Their intervention pretends the problem is a Level 1 failure. A classic example is focusing on employees on your team who are constantly late for work. It is addressed as a behavioral problem. But it could also be a symptom of a corporate culture that arbitrarily requires a time-sheet mentality unrelated to the business needs. It could be that the company fails to appreciate the logistical difficulty of taking children to school and then driving off to work.
Passive-aggressive team members may be a symptom of too much work and too few resources to manage the work.
Level 3 Failure
Edmondson calls Level 3 failure “intelligent failure.” Intelligent failures involve problems associated with grappling with novel situations.
According to Thomas Edison’s records, he failed 2,774 times to find a light bulb filament that would glow in a vacuum when electricity passed through. Treating this type of exploratory failure the same way you treat Level 1 or Level 2 failure defeats the purpose of research. Such failures should be celebrated.

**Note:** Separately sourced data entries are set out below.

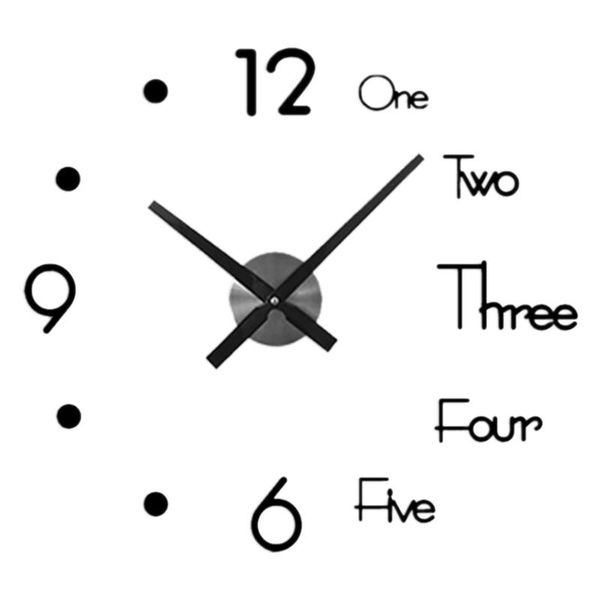 

large wall clock modern design 3d sticker mute home decoration quartz clocks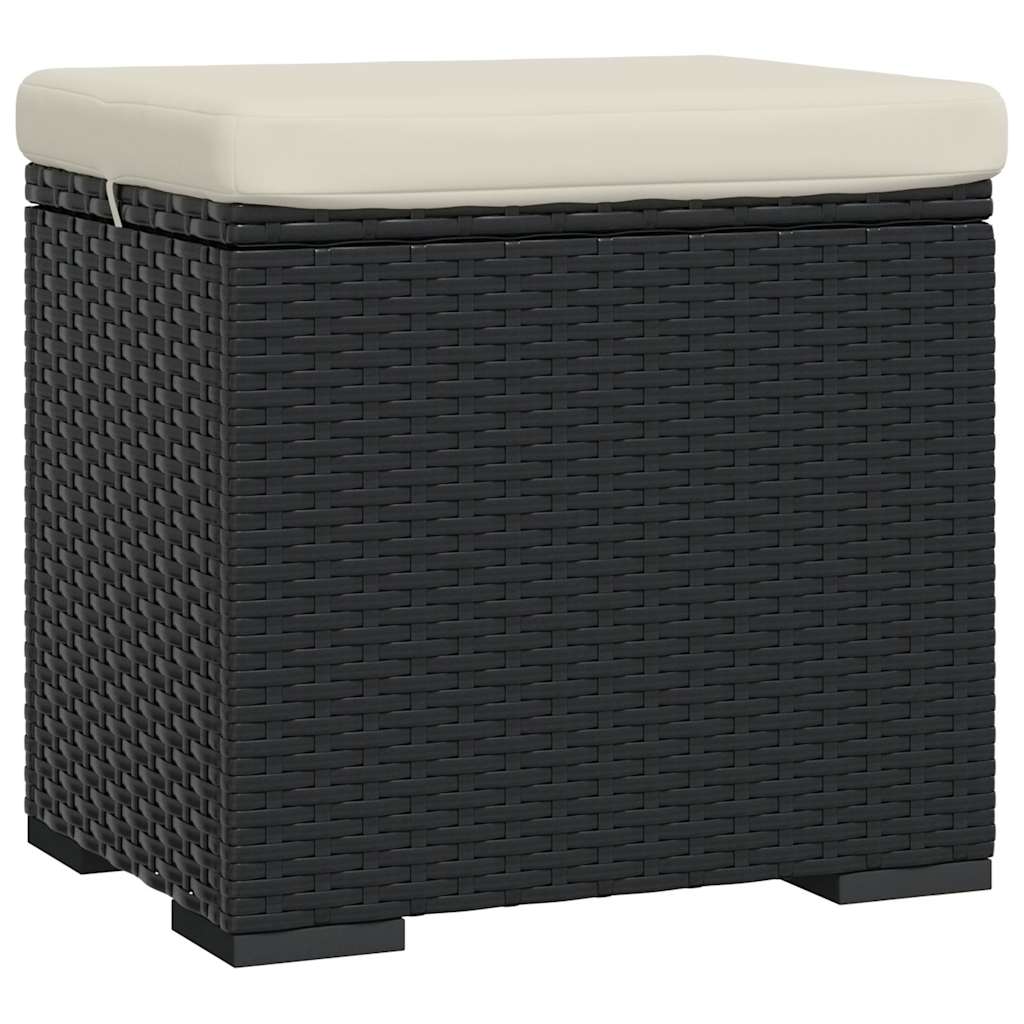Vidaxl hocker met kussen 40x30x40 cm poly rattan zwart
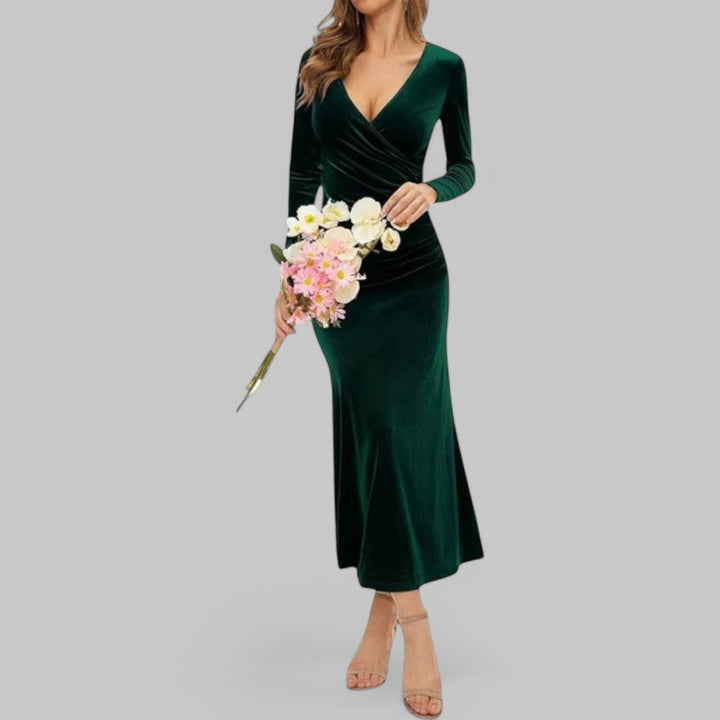 Elegant Long Sleeve Velvet Maxi Dress
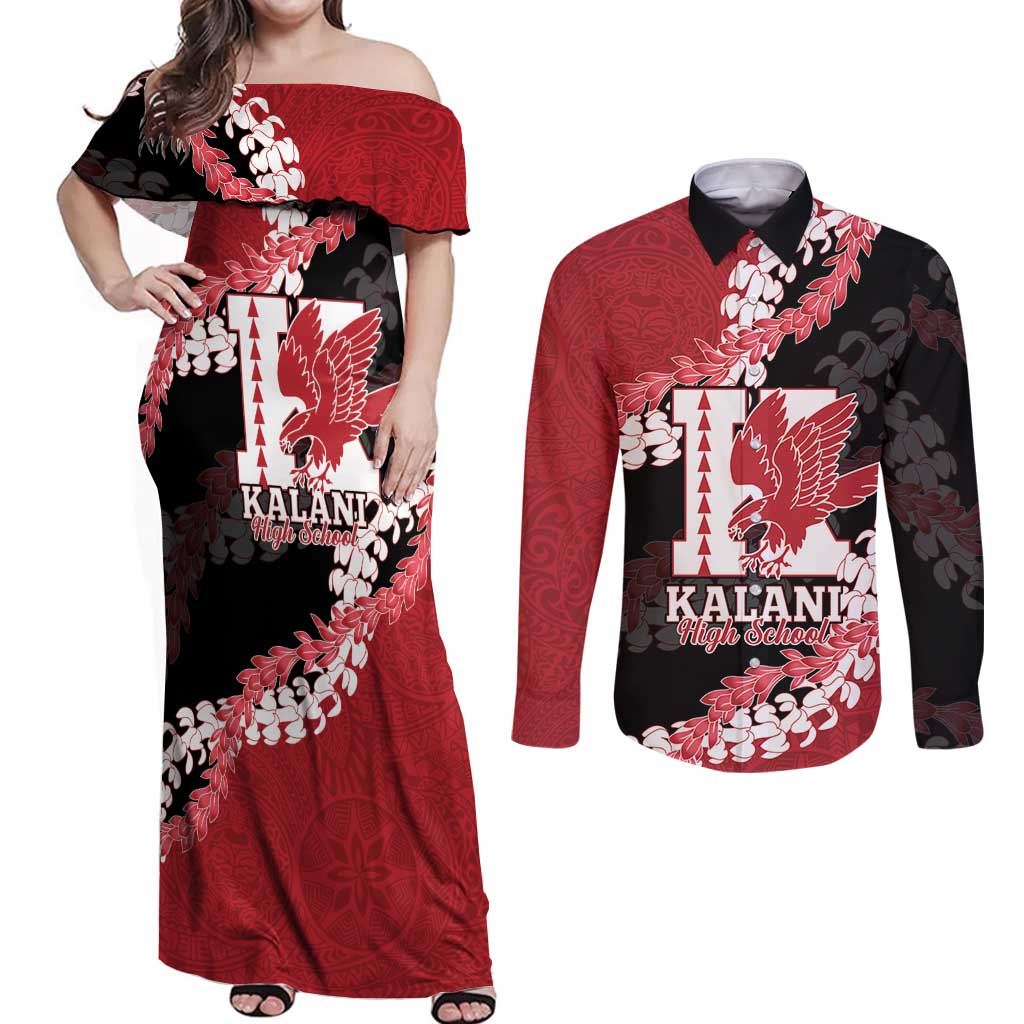 Personalized Kalani Hawaii High School Couples Matching Off Shoulder Maxi Dress and Long Sleeve Button Shirt Puakenikeni Lei Hawaiian Pattern - Polynesian Pride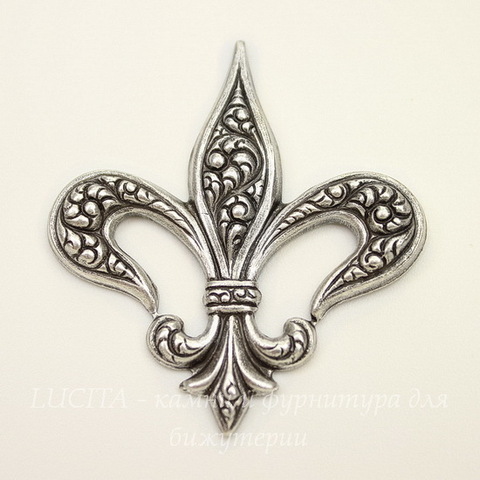 Винтажный декоративный элемент - штамп "Fleur-de-Lys" 40х37 мм (оксид серебра)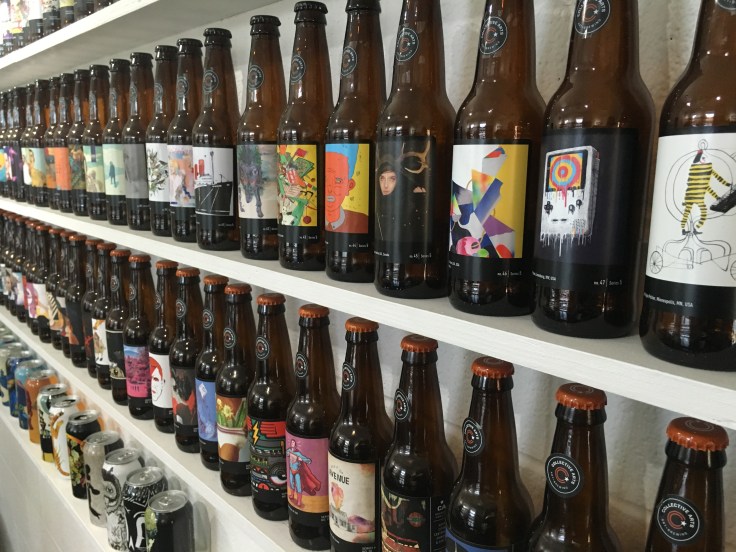 Display wall of bottles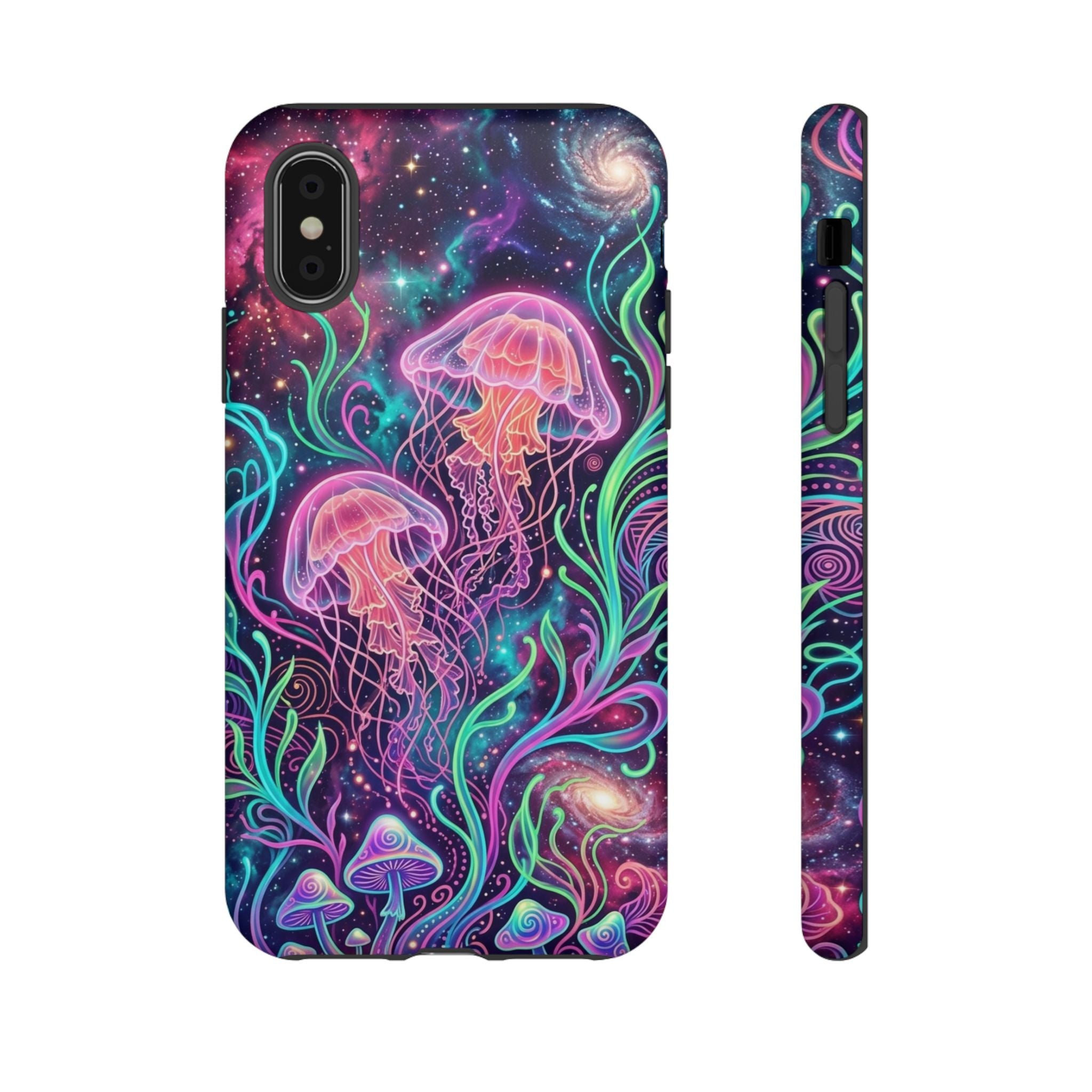 Jellyfish Galaxy Phone Case – Neon Sea Mushroom Tough Case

Level 3 failures often occur outside the laboratory. An appropriate Level 3 failure is an attempt to climb Mount Washington in New Hampshire only to discover that you are not physically up for the task. It could involve baking a pie for the first time with results that are not tasty.
A primary care physician experiments with a new medication, a sales professional tries a novel approach to bring prospects, and a store manager changes the usual assortment on the shelves.
Edmondson argues that Level 3 failures be encouraged since they are the only way to achieve Level 3 success. Create a safe environment for employees to try novel approaches. One company established Failure Fridays. They allow colleagues opportunities to safely share what did not go well and what was learned.
Boards should encourage CEOs to report Level 3 failures as a way of encouraging a corporate culture of innovation. We recommend one hour a year be devoted to formal presentations of Level 3 failures within and outside the research and development function.
Conclusion
Failure is bad and success is good is a framework for failure. Not all failures are alike. There are four types of failures. They need to be managed differently. And the board needs to play its part in failure management.
Steve Jobs is the symbol of 20th-century entrepreneurial success. When he gave a commencement address at Stanford University, however, he chose to discuss the importance of failure in his development as a leader.